Pacheco, Rodrigo Benjamin Mendes
PACHECO, RODRIGO BENJAMIN MENDES (d. 1749), early U.S. merchant. Pacheco, whose place of birth is unknown, went to New York City early in his career and was made freeman of the city in 1712. Increasingly prominent as his mercantile business flourished, Pacheco petitioned the authorities in 1728 with others for the right to purchase land for a Jewish cemetery. He was instrumental in the erection of the Shearith Israel synagogue on Mill Street, in 1729–30. In 1731 Pacheco was appointed colonial agent for the province.
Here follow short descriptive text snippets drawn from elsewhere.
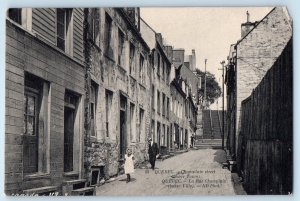 Quebec City Quebec Canada Postcard Champlain Street (Lower Town) c1910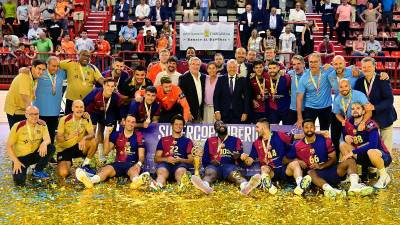 El Barça gana con mucha autoridad su tercera Supercopa Iberica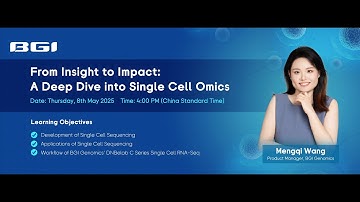Webniar Alert: From Insight to Impact: A Deep Dive into Single Cell Omics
Around 1740 he did a brisk business in shipping supplies to the new colony of Georgia, where his contact was the Nunezes family. A more extensive enterprise was carried on there by a competitor, Jacob *Franks, who, unlike Pacheco, was Ashkenazi. In the wake of a bitter legal entanglement over his business affairs, Pacheco settled permanently in London in 1731.
BIBLIOGRAPHY:
J.R. Marcus, Early American Jewry, 1 (1951), 158; 2 (1953), 293; L. Hershkowitz and I.S. Meyer (eds.), Lee Max Friedman Collection of American Colonial Correspondence (1968); M. Stern, Americans of Jewish Descent (1960).